The Hedgehog missile was also feared by surface ships, although it was only known in uses against submarines. This was because the sight of an exploding Hedgehog missile was awe inspiring; water would go in a perfect hedgehog shape, just like the missile. Overall, the Hedgehog missile was exceptionally successful and helped Britain defeat German forces (Rush 95).Therefore, the  technological revolution was just as valuable as the strategic one. Submarines developed ballast tanks to control balance, weight, and buoyancy. To counteract the superiority of German submarines, the British used their advanced bomb technology to create the antisubmarine weapon that was known as the Hedgehog. By doing this, the submarine was proven to be one of the most technologically advanced naval weapons of its time.Lastly, the submarine was greatly affected by the invention of Sonar. Originally, this technology was based off of British ‘direction finding’ or DF systems that were used in World War I. The British did not very successfully develop this system any further during the Great War due to primitive resources and hasty construction. Nevertheless, it certainly advanced in the early 1940s.

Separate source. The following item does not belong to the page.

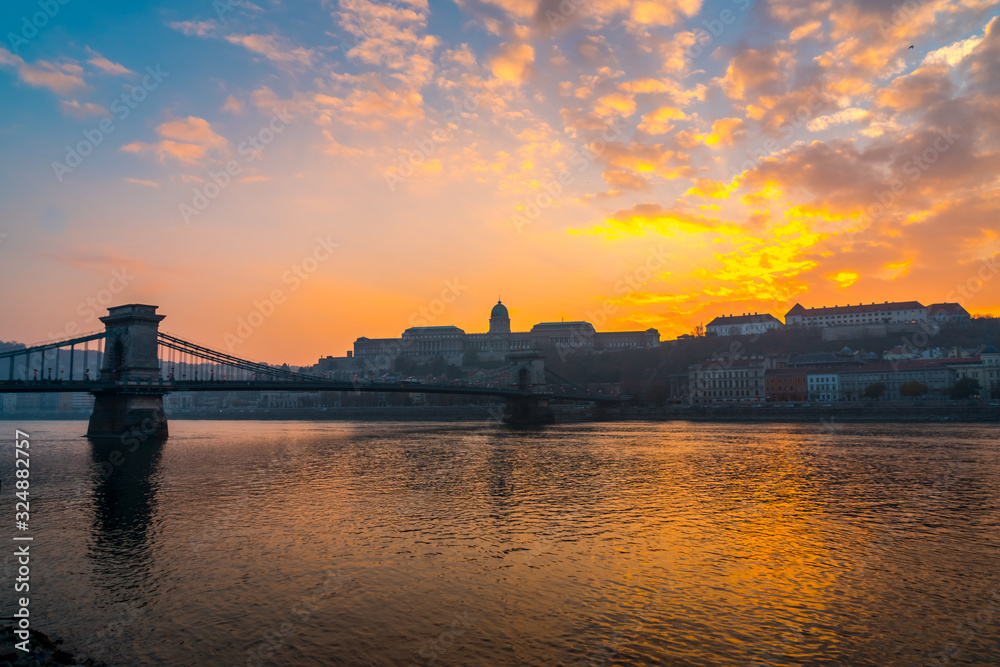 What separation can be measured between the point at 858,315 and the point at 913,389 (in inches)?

According to U-Boat scholar Clay Blair, the system functioned as follows, “Called the ‘grid system’: north-to-south latitudes and west-to-east longitudes were defined alphabetically, A to Z. The systems’ operators could therefore locate the exact global positioning of German submarines” (75). The genius invention of the system Americans refer to as Sonar and the British Asdic reformed the power of searching for, finding, and counter attacking submarines. The Germans adopted their own submarine radar system. The German version was named Enigma, and was a near success, just below Sonar and Asdic of the US and British navies. However, an obvious disadvantage was soon found with German submarine commanders was that it was less accurate. Enigma made torpedoes miss targets in plain sight (Blair 75). A similar version of the commonly known Sonar is Radar. Radar was used in aircraft particularly in the US and Britain. This was helpful because at times Sonar was difficult to use, it broke down because of a water spill, or another disadvantage that was commonly found in submarines.

The fact that aircraft was much faster than all submarines made it easy to report back to naval bases in a hurry if a wolf-pack of submarines was unexpectedly coming that way. This way, antisubmarine units like other planes and surface ships could counter attack without being unprepared. In addition to aircraft, Radar was introduced to surface craft in mid-1942. This allowed hunter-killer groups to be prepared for a submarine ambush coming their way. Plus, Charles w. Rush says, “The development of aircraft radar was undoubtedly a major factor in the defeat of the German U-Boat campaign,” proving that Radar systems were both necessary and efficient in finding submarines, whether it was used in the air on planes or on the water with surface craft (. In conclusion, the submarine was a total success, and at times a total failure. Firstly, the submarine went through numerous strategic phases of revolution. This included tactics like mine laying and attacking enemy merchant shipping. “By October 1940, the U-Boats had notched up average sinkings of 60,000 tons of shipping per month, per submarine” proves the strength of German U-Boats (Hutchinson 108).

Secondly, this naval machine withstood many technological changes like torpedoes and Hedgehog missiles. Finally, there is the creation of Radar and Sonar. These two inventions proved to the world that submarines did indeed have a weak spot, and that certain special machines were able to identify their location, even underwater when vision was poor and lighting was even more primitive. Throughout the Second World War, the submarine went through many changes technologically and with radar. The submarine also was used in a very militaristic and strategic manner. Through Sonar, strategy, and systematic technology the submarine is truly famed as the worlds’ most superior naval weapon of its time.